Nothing in the opinion of the Court in this case should be construed as a holding that the covenant of the City of Vero Beach to fix and maintain rates and collect charges for the facilities and services afforded by the utility adequate to provide revenues sufficient at all times to pay the cost of operation, maintenance and repairs of the system and to maintain the pledged fund set up as security for the payment of the revenue certificates, with interest thereon, as provided in the city's ordinance involved in the revenue certificate proceedings, is not a valid and binding covenant. On the contrary the holding of the court is that such covenant is a binding and valid covenant, and one that may be enforced by the holder or holders of certificates in appropriate judicial proceedings, when it is shown, as it has been in this case, that the municipality has been receiving revenues from an existing utility which if maintained by an adequate rate structure for the future life of the revenue certificates, will be sufficient to provide funds for the operation, maintenance and repair of the utility as extended, and will in addition provide the necessary additional funds that may have been anticipated and pledged for the payment of the revenue obligations payable out of future earnings to be derived from the utility against which same are issued.
But a municipality, in attempting to issue special fund *Page 136 utility revenue certificates on the basis of an anticipation of future utility earnings, absent the approving vote of a majority of the freeholder electors as required by amended Section 6 of Article IX of the Constitution, can not make a valid and binding covenant, nor enter into any other effectual or enforceable contractual obligation, for the borrowing of moneys by an anticipation of revenues to be realized in the future, in excess of revenues that have been received, and which may reasonably be expected to be received, from the revenue producing capacity of the utility as repaired, improved, enlarged or extended, through a maintenance of its existing rate structure, or one commensurate therewith, as of the date of the issuance of such revenue certificates.
In other words, a municipality obligor undertaking to issue special fund utility revenue certificates payable solely out of future utility earnings and nothing else, as a special fundpledged specifically for that sole purpose, and without a vote of freeholders under amended Section 6 of Article IX, supra, may not make a valid and enforceable pledge of its rate making powers as a means of raising a fund to repay the special fund revenue certificates out of future earnings of the utility, except upon the basis of its present earnings calculated on the basis of its existing rate structure, or its equivalent in reasonable rates as provided in Section 11 of Chapter 17176, Acts 1935, as applied to the utility for the anticipated earning period during which the funds are to be realized to retire the certificates including the reasonable anticipating of the earning power of the utility as repaired, extended, enlarged or improved. This is not to say that the rate structure may not be changed in accordance with legislative powers lawfully conferred on the municipal obligor.
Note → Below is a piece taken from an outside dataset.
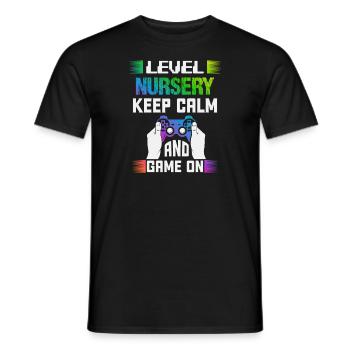 Level NURSERY keep calm and game on - Männer T-Shirt - Schwarz - Vorne - AI Model Male 178 light (178cm)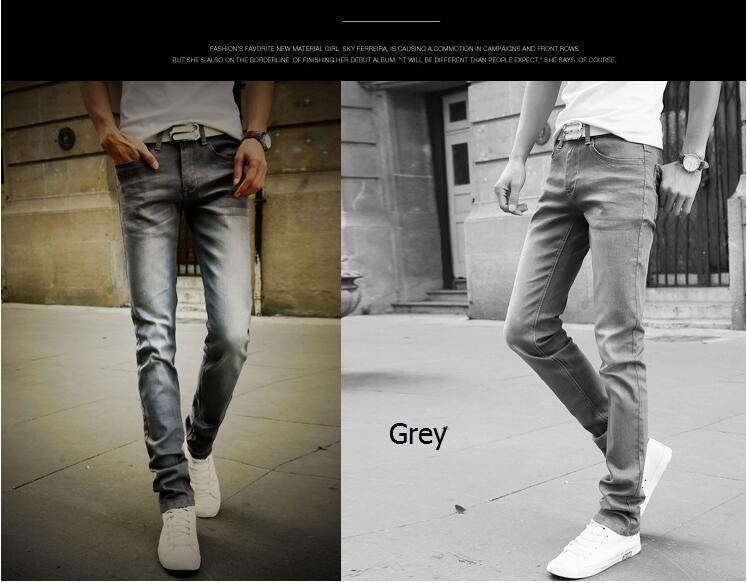 2016 Men's Straight Elastic Waist Skinny Jeans Mid Waist Men's Slim Fit Jean Homme Casual Pants 28-38 Size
The prohibition is against the pledging *Page 137 of a rate making power to be exercised in the future in excess of the general revenue producing power being exercised at the time revenue certificates are issued, and upon the basis of an anticipation of which for the life of the certificates, the certificates themselves are presumptively to be issued.
The opinion in this and companion cases involving the proposition hereinbefore discussed is to be deemed supplemented and explained by the foregoing and upon that basis the petition for rehearing denied.
Rehearing denied.
WHITFIELD, C.J., and TERRELL, BROWN, BUFORD, and DAVIS, J.J., concur.